Lunedi, 6 Marzo 2017

Non profit cattolico, assemblea a Padova. Il Governo: «Aiuti dal cinque per mille»


S

ono Elisabetta Elio, direttore generale di Pia Opera Ciccarelli, ed Ernesto Burattin, consigliere delegato di Opera Immacolata Concezione, i rappresentanti di Uneba Veneto nel consiglio nazionale di Uneba (www.uneba.it), associazione che raccoglie più di 800 strutture sociosanitarie, assistenziali, educative, quasi tutte non profit e di radici cattoliche, presenti in 17 regioni italiane (nella foto con il vescovo di Padova, mons, Claudio Cipolla).

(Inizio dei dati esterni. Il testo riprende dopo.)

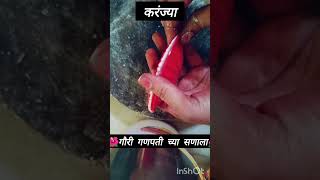 श्री स्वामी समर्थ विचार 🙏 🌹trending viralvideos swamisamarth Ganpati Bappa Prasad [upl. by Ymmas]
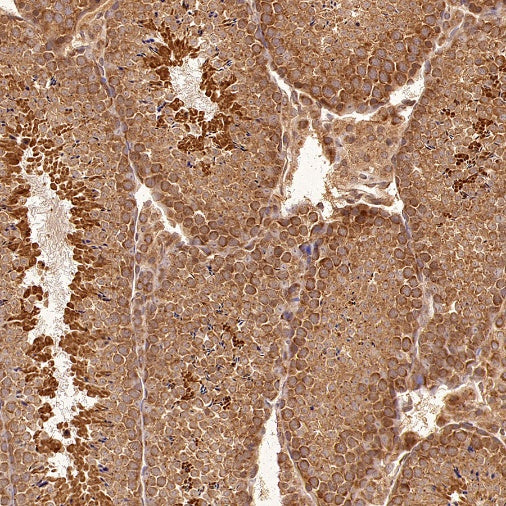 eIF4E Rabbit Polyclonal Antibody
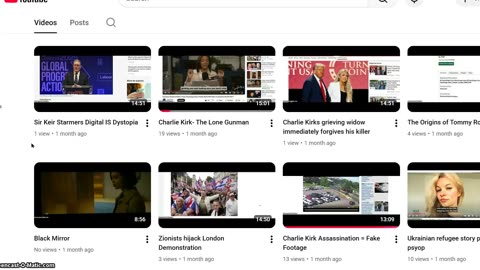 my viral Youtube channel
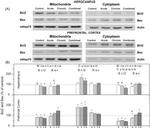 mtHSP70 Antibody in Western Blot (WB)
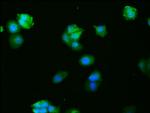 c-Fos Antibody in Immunocytochemistry (ICC/IF)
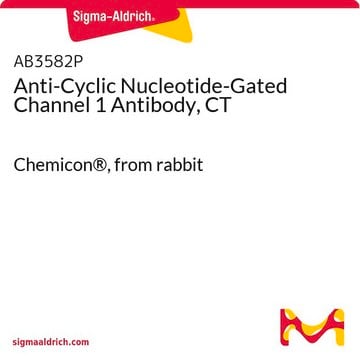 Anti-Cyclic Nucleotide-Gated Channel 1 Antibody, CT Chemicon&#174;, from rabbit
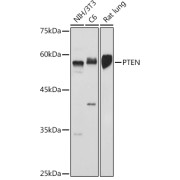 Western blot analysis of various lysates using PTEN Antibody at 1/500 dilution. Secondary antibody: HRP-conjugated Goat anti-Rabbit IgG (H+L) at 1/10000 dilution. Lysates/proteins: 25 µg per lane. Blocking buffer: 3% nonfat dry milk in TBST. Exposure time: 10s.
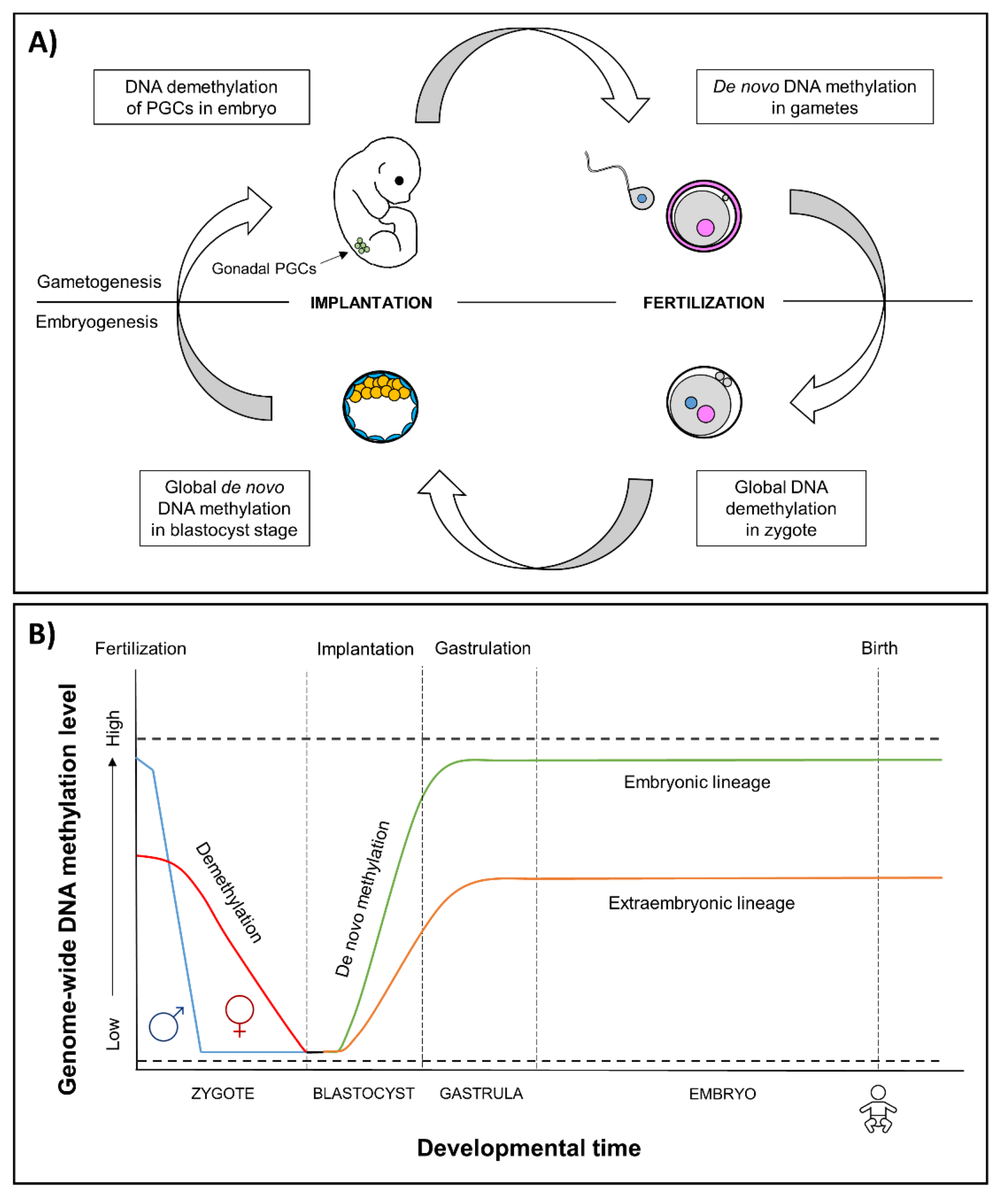 Genes 12 01095 g001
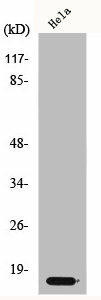 CDKN2A Antibody (PACO01276)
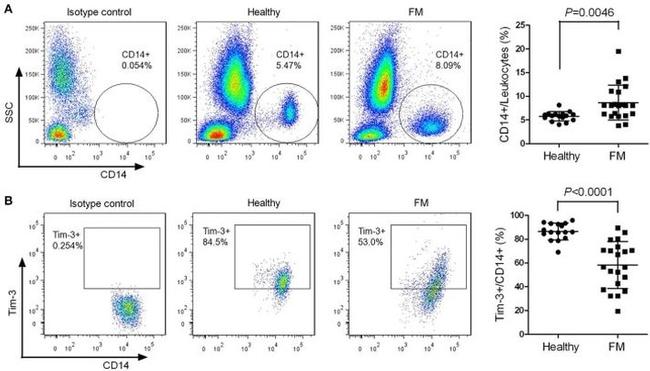 CD366 (TIM3) Antibody in Flow Cytometry (Flow)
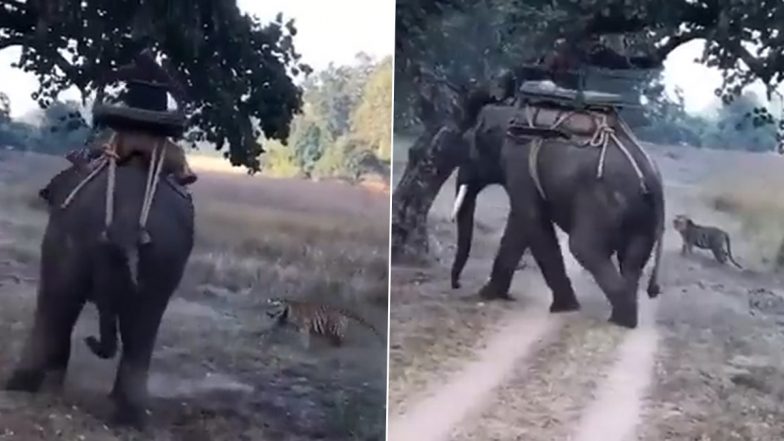Elephant पर बैठे महावत की तरह बाघ लपका, लेकिन बहादुर हाथी के आगे दूम दबाकर भागा (Watch Viral Video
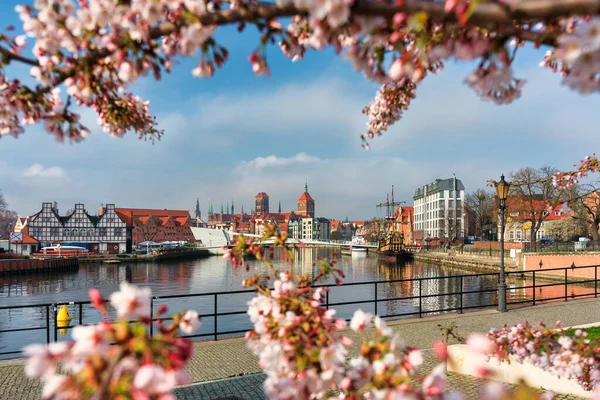 Soluppgång Vid Floden Motawa Med Utsikt Över Gdansk Genom Blommande — Stockfoto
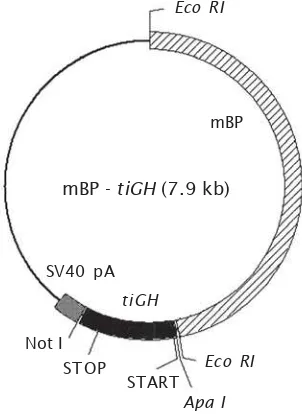 Gambar 1. Peta konstruksi gen mBP-tiGHFigure 1.Map of the mBP-tiGH gene construction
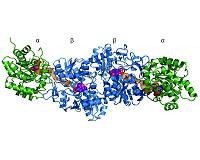 Bacteria perfected protein complexes more than 3.5 billion years ago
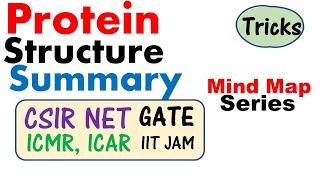 Protein structure primary secondary tertiary quaternary [upl. by Narih]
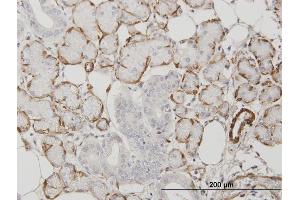 Immunoperoxidase of monoclonal antibody to ACTA2 on formalin-fixed paraffin-embedded human salivary gland. (Smooth Muscle Actin antibody  (AA 1-377))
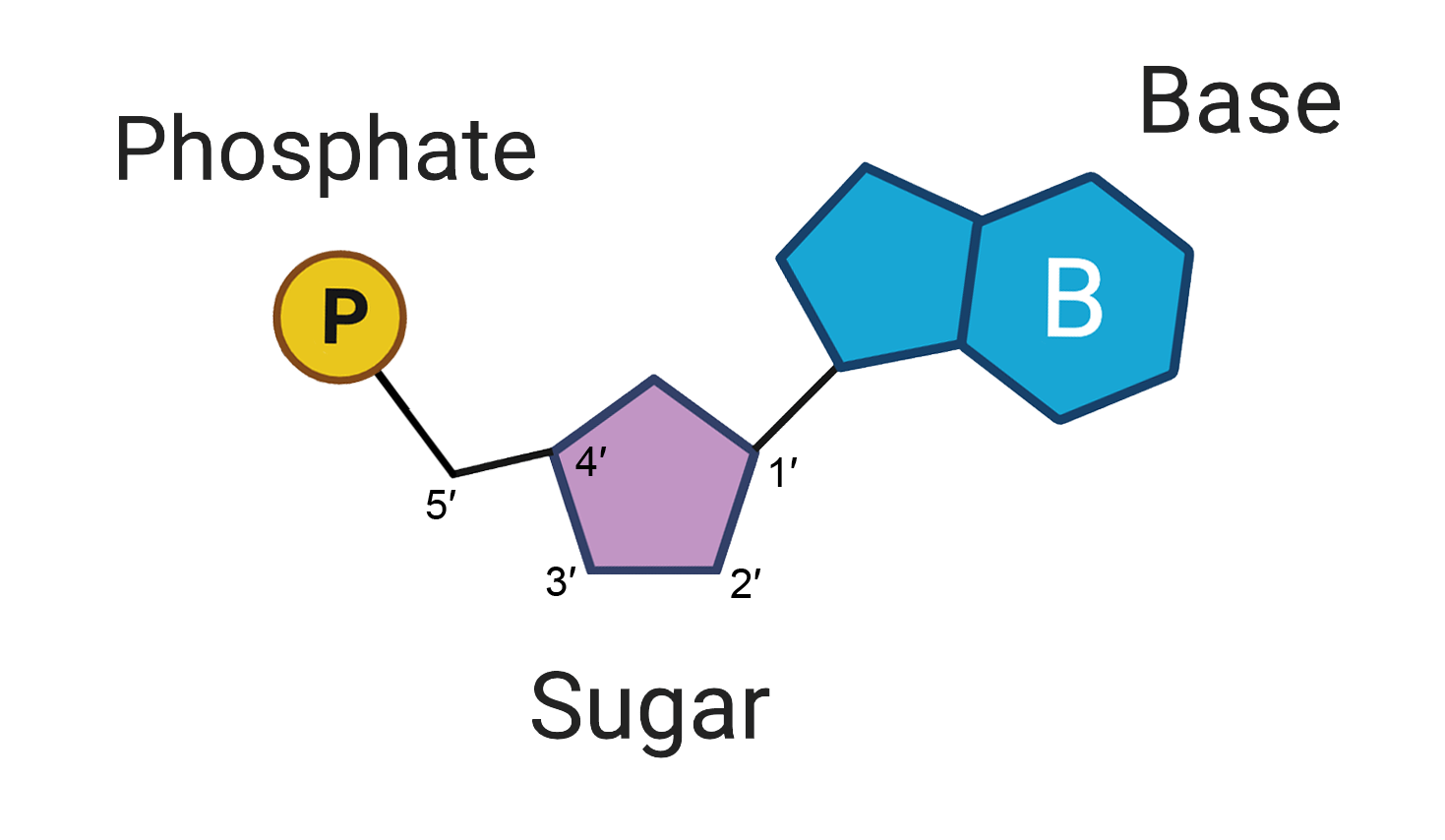 <ul><li><p>nucleic acids are polymers of nucleotide monomers.</p></li><li><p>they store genetic information and form molecules that aid in the production of proteins.</p></li></ul><p><strong>Nucleotides</strong></p><ul><li><p>include a phosphate group, 5-carbon sugar and a nitrogen-containing base.</p></li><li><p>Within the 5-carbon sugar, each is assigned a number in a clockwise direction (one prime to five prime)</p></li><li><p>1’ attaches to the nitrogenous base. </p></li><li><p>3’ attaches to the phosphate of the following nucleotide.</p></li><li><p>5’ attaches the 5-carbon sugar to the phosphate group of the nucleotide.</p></li><li><p><strong>Sugar-phosphate backbone of nucleic acids</strong>- the linkage of sugars and phosphate groups.</p></li><li><p>many nucleotides join together through phosphodiester bonds formed via condensation reaction, forming polynucleotide chains. (bonds exist between the sugar group of a nucleotide and the phosphate group of another.</p></li></ul><p></p>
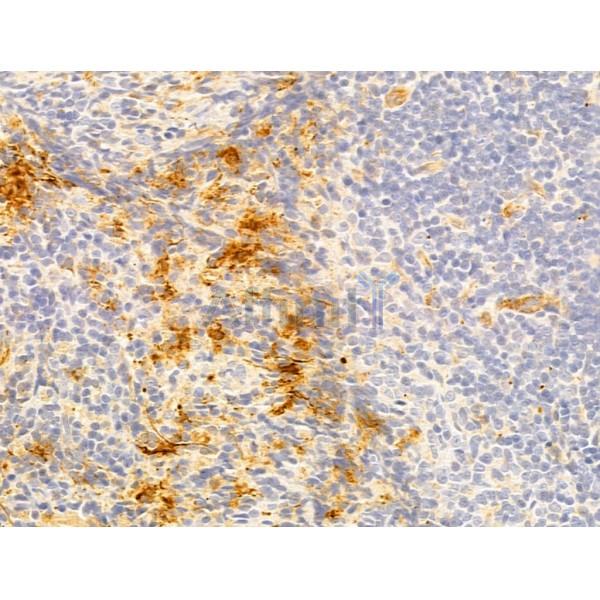 WWP1 Antibody - DF12506 at 1/100 staining Rat spleen tissue by IHC-P.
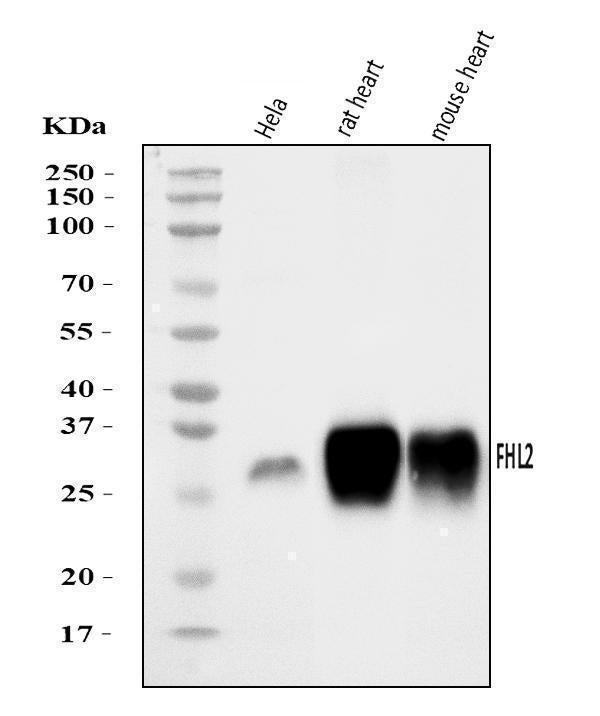 Anti-FHL2 Antibody Picoband®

Patrizia Scalabrin, di Opera Santa Maria della Carità, fa parte del Collegio dei revisori dei conti dell'associazione. L'elezione delle cariche associative interne è stata il passaggio conclusivo del XV Congresso nazionale Uneba che si è svolto da giovedì 2 a sabato 4 marzo all'Opera Immacolata Concezione di Padova.

Il congresso ha compreso al suo interno il convegno “L'attuazione della Riforma del Terzo Settore” dedicato ai decreti legislativi che il governo Gentiloni entro giugno deve emanare per concretizzare le indicazioni generali date dalla legge delega di riforma approvata dal precedente governo Renzi.

Di fronte a oltre 200 rappresentanti del non profit è intervenuto il sottosegretario alle politiche sociali Luigi Bobba, primo referente politico della riforma. ”Pensiamo di inserire – ha detto- una norma che richiede il coinvolgimento del Terzo Settore nella programmazione dei servizi. Per una sorta di 'Patto di sussidiarietà con l'amministrazione pubblica”.

Se così fosse, il legislatore coinvolgerebbe maggiormente chi come gli enti Uneba si occupa ogni giorno di gestire strutture per anziani, disabili, minori e altre fragilità nello stabilire le regole per quel settore.

“Stiamo ragionando, inoltre – ha detto Bobba - su come redistribuire quel 15% di risorse non optate del cinque per mille (in cui cioè il contribuente non ha indicato a che ente dare il cinque per mille dell'irpef). Anziché una redistribuzione proporzionale che privilegerebbe chi già ha di più, ipotizziamo di redistribuire solo a chi è sotto una certa soglia (di raccolta dal cinque per mille)”. Così si aiuterebbero soprattutto gli enti più piccoli.